Para confirmar cuánto dinero se puede mover en una sola transacción, regreso a Palma. Es un viernes primero de agosto de 2020 y las primeras gotas de lluvia del año comienzan a caer. Los comercios del primer cuadro sobreviven a cuestas. Alrededor de 20% de los 27 000 giros comerciales ubicados aquí no volverán a abrir sus puertas a causa de la Covid-19, de acuerdo con Alejandro Gazal, presidente de la asociación comercial Procentrhico. Con la lluvia, los visitantes comienzan a correr para guarecerse. Los coyotes permanecen afuera de sus locales, sentados en bancos y sillas.
Un hombre, quizá de 40 años, está sentado en un banco de madera y entre sus manos sostiene una pequeña libreta. Sé que la única manera de poder entablar una conversación con él es ofreciéndole algo que vender, así que me aventuro y le digo que quiero vender un centenario.
—¿Lo trae? —me pregunta.
Digo que no, argumentando que, por seguridad, quería preguntar primero. Antes de que diga algo más, me adelanto y le informo que no cuento con la factura de la moneda y pregunto si eso sería un inconveniente.

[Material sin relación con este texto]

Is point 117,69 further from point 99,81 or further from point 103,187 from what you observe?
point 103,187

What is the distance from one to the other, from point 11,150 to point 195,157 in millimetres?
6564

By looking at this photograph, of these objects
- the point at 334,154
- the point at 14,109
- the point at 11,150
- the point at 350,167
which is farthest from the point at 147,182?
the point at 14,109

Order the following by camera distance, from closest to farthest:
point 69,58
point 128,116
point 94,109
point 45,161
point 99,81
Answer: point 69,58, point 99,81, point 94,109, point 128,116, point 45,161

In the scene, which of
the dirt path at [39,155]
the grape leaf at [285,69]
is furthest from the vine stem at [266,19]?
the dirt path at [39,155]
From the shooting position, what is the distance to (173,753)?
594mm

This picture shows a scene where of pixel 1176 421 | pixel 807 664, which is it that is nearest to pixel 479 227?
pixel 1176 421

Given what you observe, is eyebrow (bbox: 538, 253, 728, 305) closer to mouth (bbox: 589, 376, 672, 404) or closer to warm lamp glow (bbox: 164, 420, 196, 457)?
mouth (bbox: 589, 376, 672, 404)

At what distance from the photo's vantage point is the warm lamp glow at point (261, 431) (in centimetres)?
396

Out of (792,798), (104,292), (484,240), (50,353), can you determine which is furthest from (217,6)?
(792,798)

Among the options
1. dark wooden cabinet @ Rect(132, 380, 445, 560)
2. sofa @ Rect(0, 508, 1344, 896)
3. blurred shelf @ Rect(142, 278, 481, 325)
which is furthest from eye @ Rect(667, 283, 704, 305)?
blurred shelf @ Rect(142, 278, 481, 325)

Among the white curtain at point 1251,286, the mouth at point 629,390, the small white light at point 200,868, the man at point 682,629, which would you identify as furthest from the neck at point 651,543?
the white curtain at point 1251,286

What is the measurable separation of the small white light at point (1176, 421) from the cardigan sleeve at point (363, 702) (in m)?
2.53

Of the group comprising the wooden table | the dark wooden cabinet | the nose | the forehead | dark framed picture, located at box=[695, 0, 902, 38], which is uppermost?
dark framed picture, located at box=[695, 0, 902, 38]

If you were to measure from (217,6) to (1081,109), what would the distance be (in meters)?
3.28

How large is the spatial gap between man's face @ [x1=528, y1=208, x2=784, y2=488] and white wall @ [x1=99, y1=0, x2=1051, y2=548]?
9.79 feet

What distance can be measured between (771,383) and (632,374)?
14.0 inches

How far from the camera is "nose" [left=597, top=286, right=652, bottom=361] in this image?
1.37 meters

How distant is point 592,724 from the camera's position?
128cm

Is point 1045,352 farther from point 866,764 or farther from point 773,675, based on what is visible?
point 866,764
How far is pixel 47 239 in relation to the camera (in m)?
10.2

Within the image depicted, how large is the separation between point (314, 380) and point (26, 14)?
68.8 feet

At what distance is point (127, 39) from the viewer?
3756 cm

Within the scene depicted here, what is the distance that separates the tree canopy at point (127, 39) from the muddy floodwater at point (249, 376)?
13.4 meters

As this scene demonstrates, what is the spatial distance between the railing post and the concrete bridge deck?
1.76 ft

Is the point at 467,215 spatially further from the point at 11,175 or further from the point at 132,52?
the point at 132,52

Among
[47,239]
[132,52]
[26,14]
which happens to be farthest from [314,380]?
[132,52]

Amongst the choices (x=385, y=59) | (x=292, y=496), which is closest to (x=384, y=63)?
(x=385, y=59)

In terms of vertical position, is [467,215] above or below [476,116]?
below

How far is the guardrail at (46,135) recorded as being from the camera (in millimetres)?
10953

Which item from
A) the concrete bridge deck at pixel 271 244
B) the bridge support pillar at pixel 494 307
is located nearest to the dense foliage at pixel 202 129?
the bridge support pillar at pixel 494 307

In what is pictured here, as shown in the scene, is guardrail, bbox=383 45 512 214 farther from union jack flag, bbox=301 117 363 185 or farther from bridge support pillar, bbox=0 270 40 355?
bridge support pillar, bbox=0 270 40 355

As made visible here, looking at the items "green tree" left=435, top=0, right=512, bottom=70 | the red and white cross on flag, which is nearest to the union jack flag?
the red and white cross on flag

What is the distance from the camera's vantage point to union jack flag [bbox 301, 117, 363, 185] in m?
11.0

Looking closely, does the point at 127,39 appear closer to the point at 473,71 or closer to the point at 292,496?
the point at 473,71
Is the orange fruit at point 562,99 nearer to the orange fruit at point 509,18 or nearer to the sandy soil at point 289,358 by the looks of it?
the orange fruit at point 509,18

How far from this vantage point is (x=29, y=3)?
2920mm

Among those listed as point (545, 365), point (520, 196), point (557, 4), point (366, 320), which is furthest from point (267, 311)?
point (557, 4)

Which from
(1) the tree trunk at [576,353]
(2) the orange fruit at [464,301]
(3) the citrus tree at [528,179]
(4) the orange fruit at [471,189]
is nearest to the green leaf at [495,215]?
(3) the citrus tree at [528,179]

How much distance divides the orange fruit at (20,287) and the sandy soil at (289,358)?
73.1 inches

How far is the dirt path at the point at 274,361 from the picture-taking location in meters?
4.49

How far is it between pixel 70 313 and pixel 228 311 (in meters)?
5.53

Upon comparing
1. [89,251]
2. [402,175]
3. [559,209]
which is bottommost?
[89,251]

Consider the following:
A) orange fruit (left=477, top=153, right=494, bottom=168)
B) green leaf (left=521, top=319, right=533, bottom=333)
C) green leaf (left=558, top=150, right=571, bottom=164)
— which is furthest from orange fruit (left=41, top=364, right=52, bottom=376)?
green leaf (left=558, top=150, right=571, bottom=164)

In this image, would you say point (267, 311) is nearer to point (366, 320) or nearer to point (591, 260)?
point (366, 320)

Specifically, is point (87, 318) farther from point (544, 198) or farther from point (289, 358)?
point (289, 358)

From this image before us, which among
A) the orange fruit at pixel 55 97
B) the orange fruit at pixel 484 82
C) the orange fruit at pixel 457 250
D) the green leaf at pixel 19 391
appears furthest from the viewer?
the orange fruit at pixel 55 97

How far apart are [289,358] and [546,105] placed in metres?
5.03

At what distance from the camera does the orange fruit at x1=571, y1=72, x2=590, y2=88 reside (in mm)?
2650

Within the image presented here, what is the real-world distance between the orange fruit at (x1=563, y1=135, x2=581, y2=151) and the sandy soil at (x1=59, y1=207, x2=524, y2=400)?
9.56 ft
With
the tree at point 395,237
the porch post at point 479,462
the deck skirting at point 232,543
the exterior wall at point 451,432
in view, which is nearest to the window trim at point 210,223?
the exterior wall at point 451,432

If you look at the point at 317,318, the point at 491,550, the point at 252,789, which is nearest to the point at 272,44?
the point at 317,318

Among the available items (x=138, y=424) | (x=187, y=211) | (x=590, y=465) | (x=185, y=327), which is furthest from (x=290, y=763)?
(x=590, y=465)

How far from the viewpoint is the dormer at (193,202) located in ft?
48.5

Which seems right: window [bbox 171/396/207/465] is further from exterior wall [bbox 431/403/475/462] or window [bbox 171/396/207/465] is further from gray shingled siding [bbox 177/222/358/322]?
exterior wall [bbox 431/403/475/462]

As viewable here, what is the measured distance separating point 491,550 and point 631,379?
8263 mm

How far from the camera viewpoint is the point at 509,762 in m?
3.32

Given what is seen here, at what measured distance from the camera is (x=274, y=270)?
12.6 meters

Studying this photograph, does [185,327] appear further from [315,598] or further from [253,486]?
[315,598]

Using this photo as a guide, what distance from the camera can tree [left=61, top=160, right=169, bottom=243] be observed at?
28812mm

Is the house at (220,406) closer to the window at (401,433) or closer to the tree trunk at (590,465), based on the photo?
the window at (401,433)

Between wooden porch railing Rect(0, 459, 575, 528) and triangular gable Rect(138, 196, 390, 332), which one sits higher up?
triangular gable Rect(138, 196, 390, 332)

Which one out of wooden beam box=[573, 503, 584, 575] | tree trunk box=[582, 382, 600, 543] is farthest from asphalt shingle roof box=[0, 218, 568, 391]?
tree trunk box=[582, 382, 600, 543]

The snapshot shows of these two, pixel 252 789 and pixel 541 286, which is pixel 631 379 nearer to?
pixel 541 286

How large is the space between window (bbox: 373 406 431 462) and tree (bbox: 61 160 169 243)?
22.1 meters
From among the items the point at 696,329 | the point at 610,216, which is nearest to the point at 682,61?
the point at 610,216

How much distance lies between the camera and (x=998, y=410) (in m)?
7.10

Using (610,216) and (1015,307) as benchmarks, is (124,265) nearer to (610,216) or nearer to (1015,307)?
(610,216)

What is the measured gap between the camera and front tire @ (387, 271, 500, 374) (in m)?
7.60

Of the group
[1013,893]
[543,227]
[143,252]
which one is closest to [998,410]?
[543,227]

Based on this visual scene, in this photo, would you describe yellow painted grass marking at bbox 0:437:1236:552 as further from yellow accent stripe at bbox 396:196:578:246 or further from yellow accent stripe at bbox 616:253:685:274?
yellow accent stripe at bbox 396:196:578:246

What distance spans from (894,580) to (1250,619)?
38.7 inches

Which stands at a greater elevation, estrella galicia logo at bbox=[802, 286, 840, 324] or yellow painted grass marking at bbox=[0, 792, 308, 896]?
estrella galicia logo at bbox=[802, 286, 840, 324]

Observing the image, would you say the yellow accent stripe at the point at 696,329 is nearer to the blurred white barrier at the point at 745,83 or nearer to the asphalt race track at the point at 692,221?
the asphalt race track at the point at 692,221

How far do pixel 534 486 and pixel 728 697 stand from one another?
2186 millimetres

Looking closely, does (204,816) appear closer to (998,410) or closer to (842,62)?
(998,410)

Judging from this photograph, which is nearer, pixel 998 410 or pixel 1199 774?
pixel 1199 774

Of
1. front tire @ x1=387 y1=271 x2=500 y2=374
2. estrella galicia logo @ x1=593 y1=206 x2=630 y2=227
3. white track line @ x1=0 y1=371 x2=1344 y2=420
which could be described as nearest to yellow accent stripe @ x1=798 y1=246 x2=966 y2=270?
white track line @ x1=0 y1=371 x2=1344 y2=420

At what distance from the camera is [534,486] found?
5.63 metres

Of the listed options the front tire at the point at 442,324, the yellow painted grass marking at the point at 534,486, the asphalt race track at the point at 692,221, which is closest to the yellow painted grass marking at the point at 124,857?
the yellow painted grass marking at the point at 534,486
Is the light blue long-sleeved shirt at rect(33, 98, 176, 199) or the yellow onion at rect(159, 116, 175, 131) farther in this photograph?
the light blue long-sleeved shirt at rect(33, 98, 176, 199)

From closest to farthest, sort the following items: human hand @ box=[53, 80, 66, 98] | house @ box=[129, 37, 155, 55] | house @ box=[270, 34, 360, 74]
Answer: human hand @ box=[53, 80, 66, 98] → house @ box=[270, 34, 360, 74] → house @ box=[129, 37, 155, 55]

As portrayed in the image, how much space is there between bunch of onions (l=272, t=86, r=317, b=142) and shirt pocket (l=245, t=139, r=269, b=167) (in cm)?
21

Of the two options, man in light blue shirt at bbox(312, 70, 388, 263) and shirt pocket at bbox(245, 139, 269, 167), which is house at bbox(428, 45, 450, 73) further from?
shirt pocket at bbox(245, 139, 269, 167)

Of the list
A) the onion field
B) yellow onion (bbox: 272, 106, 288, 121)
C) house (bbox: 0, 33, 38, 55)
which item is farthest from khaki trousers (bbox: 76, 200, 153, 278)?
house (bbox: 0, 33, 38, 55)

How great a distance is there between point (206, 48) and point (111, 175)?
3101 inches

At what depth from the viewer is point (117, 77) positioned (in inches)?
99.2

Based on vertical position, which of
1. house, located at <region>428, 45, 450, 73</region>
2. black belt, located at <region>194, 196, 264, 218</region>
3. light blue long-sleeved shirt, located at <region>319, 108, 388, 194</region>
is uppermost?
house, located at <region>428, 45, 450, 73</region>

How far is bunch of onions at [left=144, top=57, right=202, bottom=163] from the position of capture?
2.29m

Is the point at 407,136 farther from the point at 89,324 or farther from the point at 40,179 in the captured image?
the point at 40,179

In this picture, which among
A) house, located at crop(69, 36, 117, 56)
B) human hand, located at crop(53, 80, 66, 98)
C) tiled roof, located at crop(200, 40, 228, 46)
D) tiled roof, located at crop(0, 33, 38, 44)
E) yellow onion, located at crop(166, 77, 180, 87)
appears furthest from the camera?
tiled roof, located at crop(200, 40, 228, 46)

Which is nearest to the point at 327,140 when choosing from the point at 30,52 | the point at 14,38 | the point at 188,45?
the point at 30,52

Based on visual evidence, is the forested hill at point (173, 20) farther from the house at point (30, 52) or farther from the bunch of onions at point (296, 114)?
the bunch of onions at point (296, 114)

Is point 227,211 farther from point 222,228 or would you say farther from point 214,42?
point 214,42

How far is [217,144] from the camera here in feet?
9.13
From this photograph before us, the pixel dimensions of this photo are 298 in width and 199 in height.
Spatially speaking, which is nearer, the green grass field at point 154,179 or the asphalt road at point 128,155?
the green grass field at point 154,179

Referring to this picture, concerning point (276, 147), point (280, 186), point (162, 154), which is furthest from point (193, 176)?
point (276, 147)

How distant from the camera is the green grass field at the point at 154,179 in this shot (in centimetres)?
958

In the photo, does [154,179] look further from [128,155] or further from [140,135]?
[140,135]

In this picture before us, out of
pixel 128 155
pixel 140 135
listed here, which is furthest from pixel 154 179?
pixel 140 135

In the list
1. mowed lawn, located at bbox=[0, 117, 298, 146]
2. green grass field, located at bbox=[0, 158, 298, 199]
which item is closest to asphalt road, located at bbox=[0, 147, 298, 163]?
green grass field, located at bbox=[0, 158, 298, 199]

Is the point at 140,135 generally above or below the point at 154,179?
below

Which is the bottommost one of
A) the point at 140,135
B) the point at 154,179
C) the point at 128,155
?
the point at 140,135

Prácticamente la totalidad de las piezas que se compran de manera informal en el Centro Histórico son fundidas y convertidas en barras de mayoreo que se exportan. Nada se desperdicia, al final de día, el oro termina reciclándose y revendiéndose de nuevo en joyerías establecidas.
—Aquí no hay problema: no somos como los empeños, no necesitamos que traiga factura—agrega. Toma su celular y empieza a mandar algunos mensajes. Después se aleja de donde estoy y recibe una llamada.
—No lo trae, sólo está preguntando —alcanzo a escuchar que murmura.
Unos segundos después vuelve y me confirma que me pagaría 34 000 pesos, y sigue intercambiando mensajes por celular.
Al observar que hay varias patrullas estacionadas sobre Palma y Tacuba, le pregunto si había caído algún operativo, a lo que me responde que nadie se mete con ellos; dice que las patrullas están allí porque hubo una manifestación. Y, cambiando de tema, dice:
—En efectivo le pagamos por el centenario —con ánimo de convencerme a cerrar el trato.
Pregunto si me puede hacer una transferencia bancaria porque es muy peligroso andar con ese dinero en la bolsa, a lo contesta con una negativa rotunda.
—Aquí nadie maneja eso de transferencias, todo se hace al momento y en efectivo —me aclara—, lo más que puedo hacer es acompañarla al banco. Aquí en la esquina hay uno. Para que usted lo deposite en su cuenta.
Saca de su libreta una tarjeta de presentación. Me pide que le avisae qué día puedo ir con el centenario, para que ellos tengan listo el dinero. Regresando a casa reviso el precio del centenario que ofrecen los bancos. La mejor oferta la tiene BBVA México, que compra la moneda en 46 350 pesos.
Basta una simple transacción como ésta para realizar una estafa a plena luz del día y a la vista de las autoridades. Los coyotes lo saben, que el desconocimiento y la urgencia son el coctel perfecto para hacer un buen “bisne”. Y entonces resuena en mi cabeza aquella frase de Ángel, el coyote: “La gente tiene urgencia de dinero y aquí rápido lo consigue”.